— Your assignment —
If pictures are present, leave them out, and copy the data word for word.
(Beginning of Recorded data)
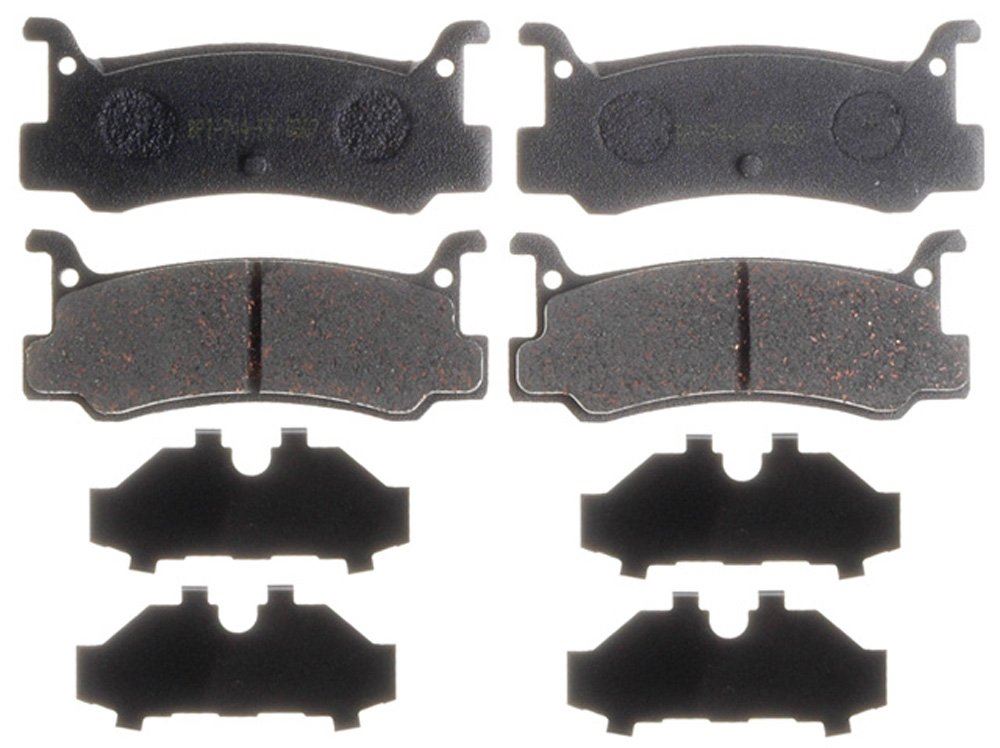 Raybestos PGD573C Disc Brake Pad Set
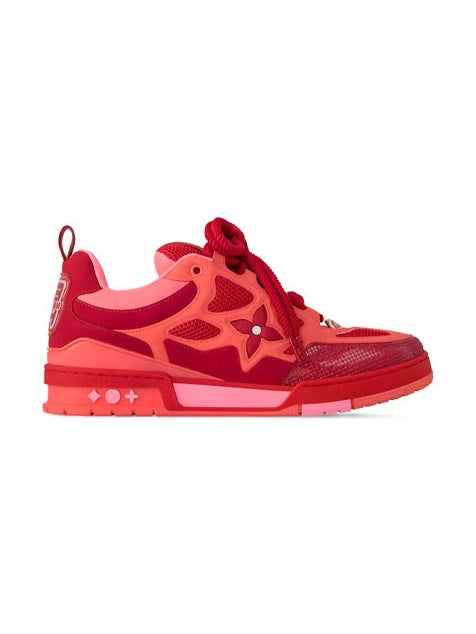 LOUIS VUITTON SKATE TRIPLE RED LOUIS VUITTON The Hype Company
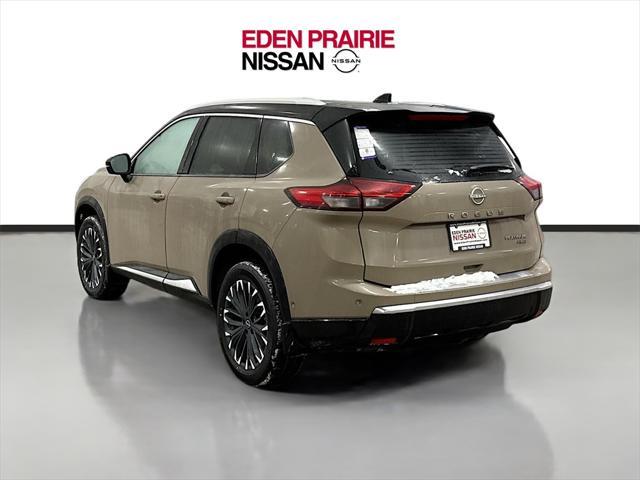 new 2025 Nissan Rogue car, priced at $42,700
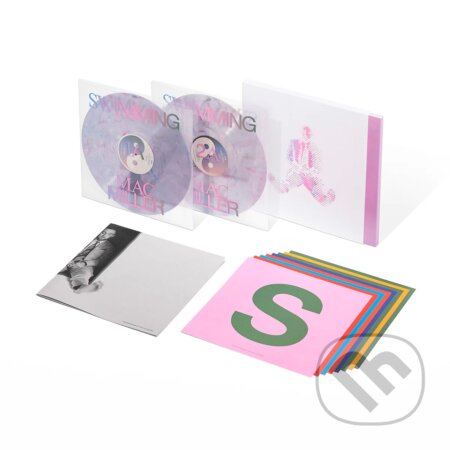 Hudobné CD: Mac Miller: Swimming LP (Hudobné albumy). Hudobné albumy, 2023 Hudobné CD: Mac Miller: Swimming LP (Hudobné albumy). Hudobné albumy, 2023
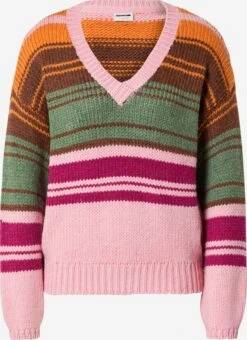 Noisy May Fijngebreide Truien Trui Dames Gemengde Kleuren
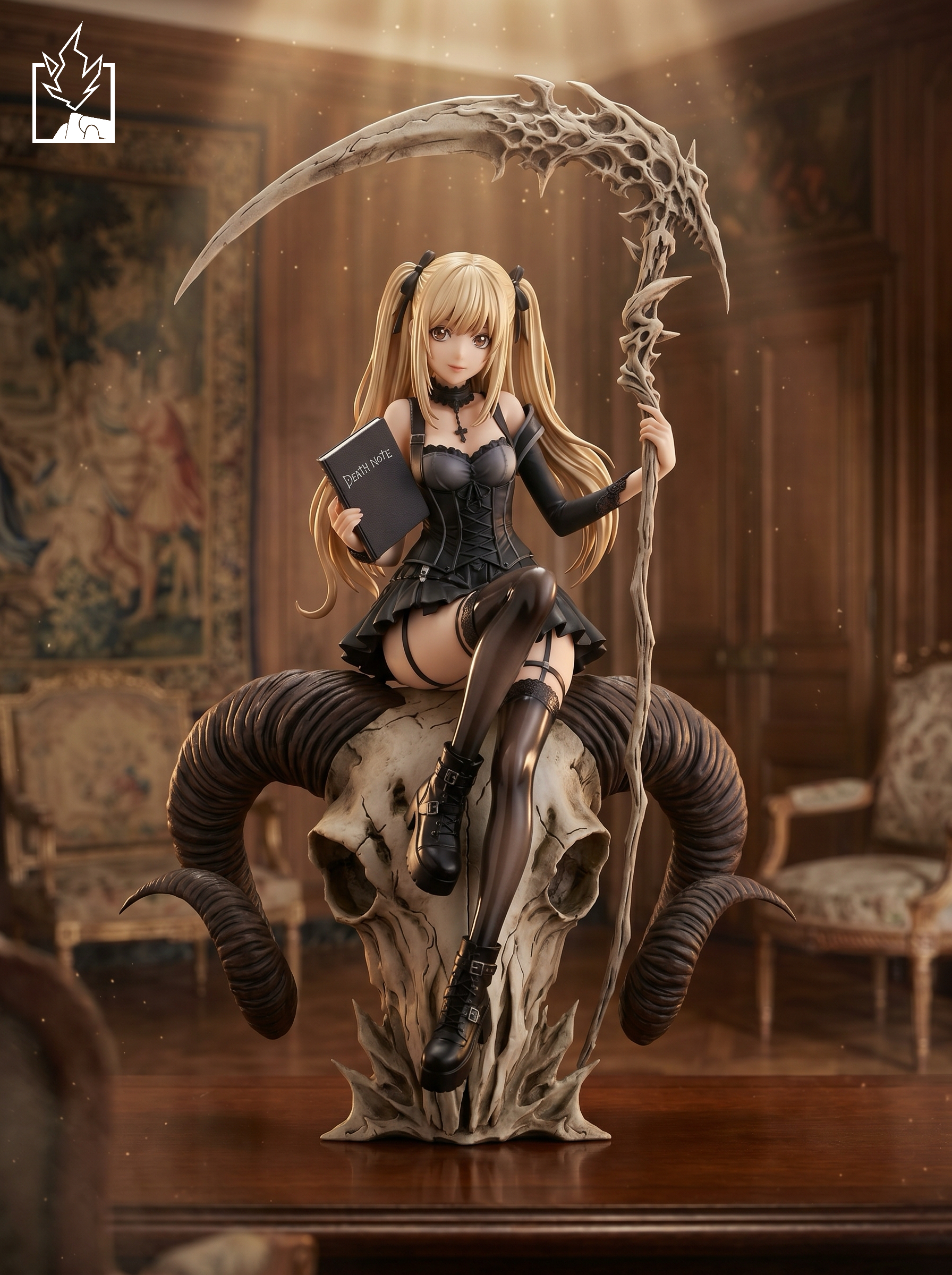【Pre-sale】1/6 Scale Misa Amane-Death Note-Palm Flame Studio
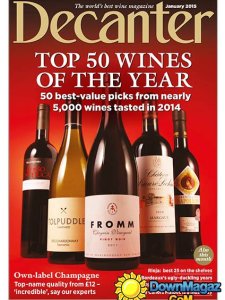 Decanter - January 2015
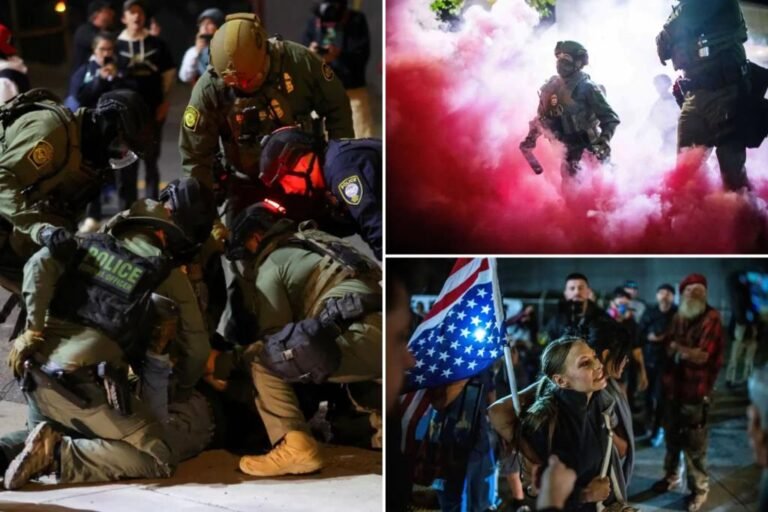 Federal judge blocks Trump’s National Guard deployment to Portland amid constitutional challenge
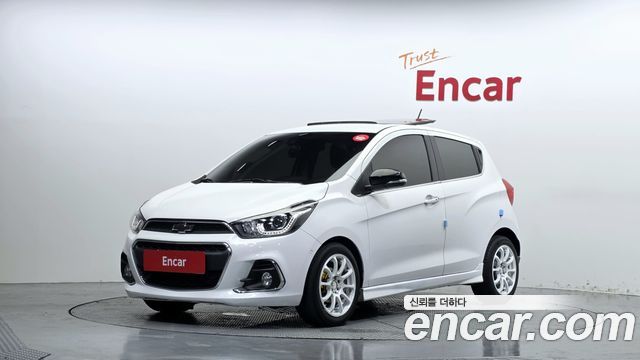 Chevrolet Next Spark LTZ 2016 — фото 1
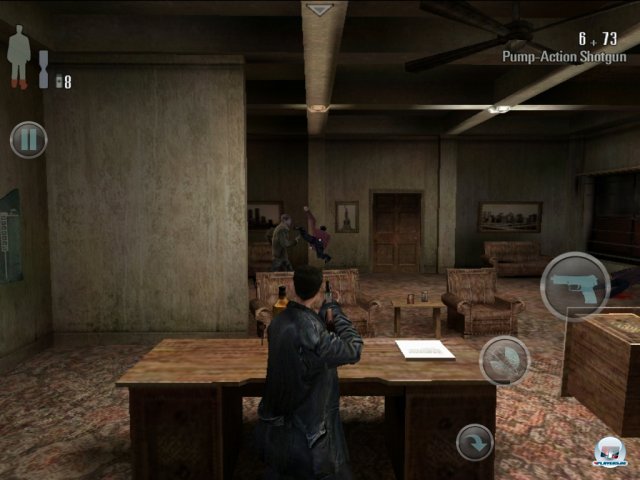 Screenshot - Max Payne (iPad) 2339387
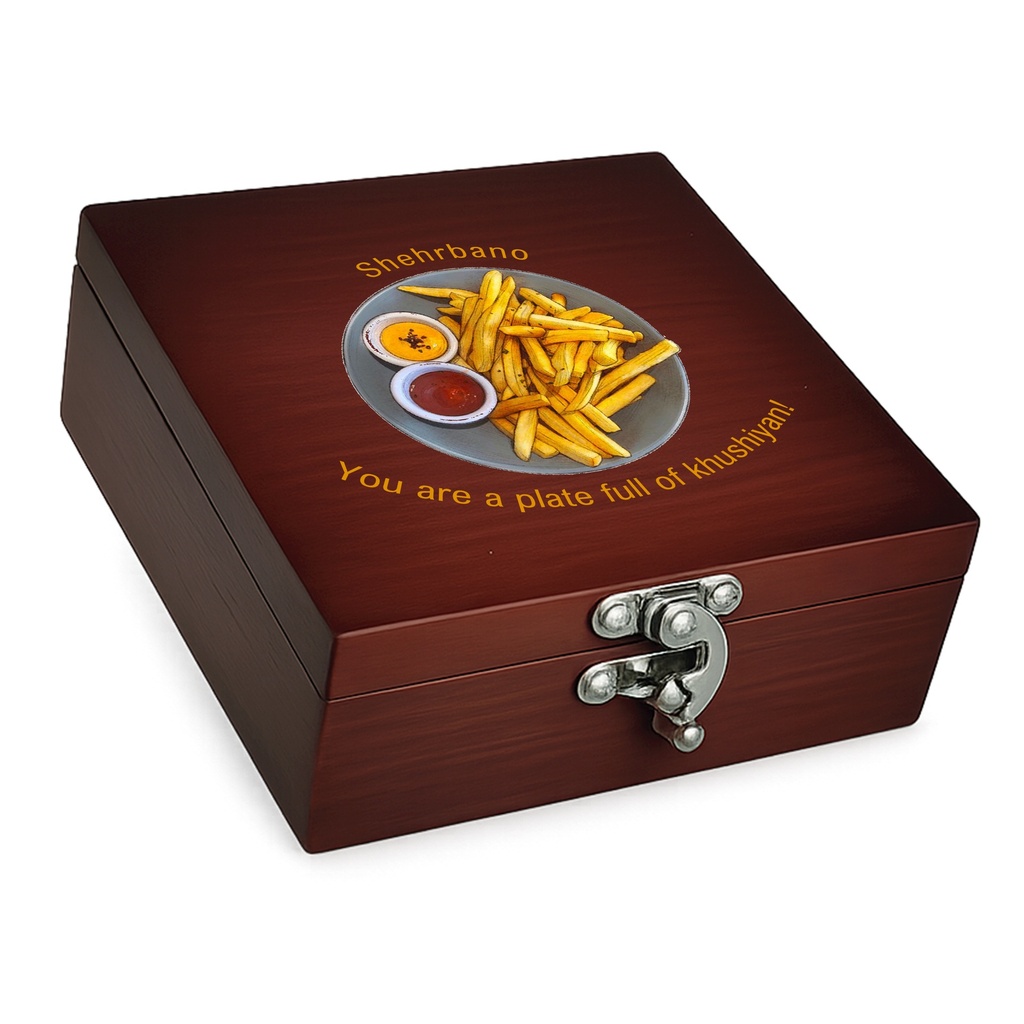 Fries - Lock Box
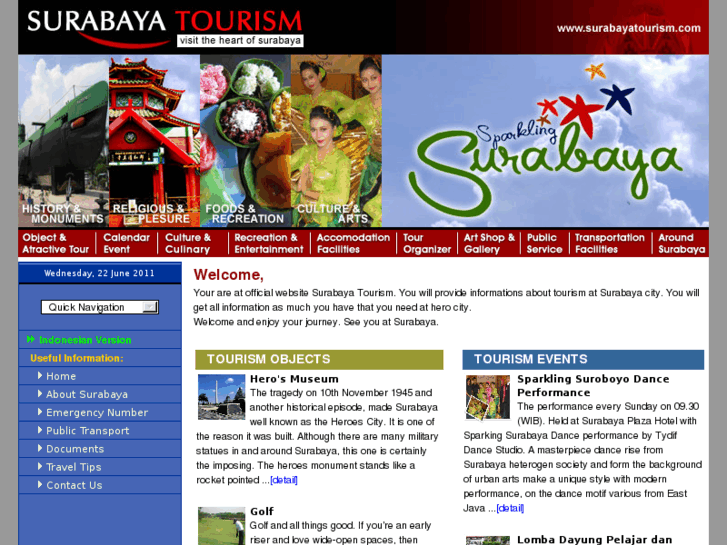 www.surabayatourism.com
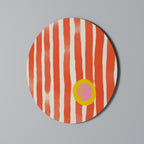 JOYFUL VIBES Round Wall Art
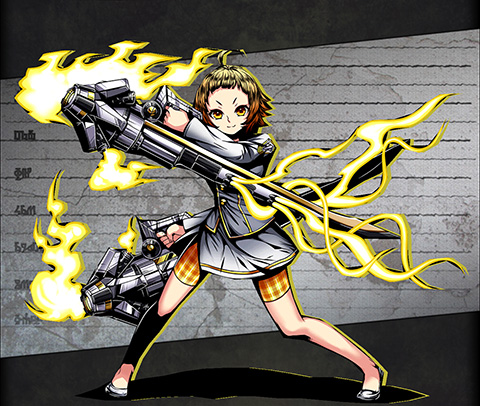 聖銃士ラモラック ユニット画像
(End of Recorded data)
— Exercise answer —
 Raybestos PGD573C Disc Brake Pad Set
 LOUIS VUITTON SKATE TRIPLE RED LOUIS VUITTON The Hype Company
 new 2025 Nissan Rogue car, priced at $42,700
 Hudobné CD: Mac Miller: Swimming LP (Hudobné albumy). Hudobné albumy, 2023 Hudobné CD: Mac Miller: Swimming LP (Hudobné albumy). Hudobné albumy, 2023
 Noisy May Fijngebreide Truien Trui Dames Gemengde Kleuren
【Pre-sale】1/6 Scale Misa Amane-Death Note-Palm Flame Studio
 Decanter - January 2015
 Federal judge blocks Trump’s National Guard deployment to Portland amid constitutional challenge
 Chevrolet Next Spark LTZ 2016 — фото 1
 Screenshot - Max Payne (iPad) 2339387
 Fries - Lock Box
 www.surabayatourism.com
 JOYFUL VIBES Round Wall Art
 聖銃士ラモラック ユニット画像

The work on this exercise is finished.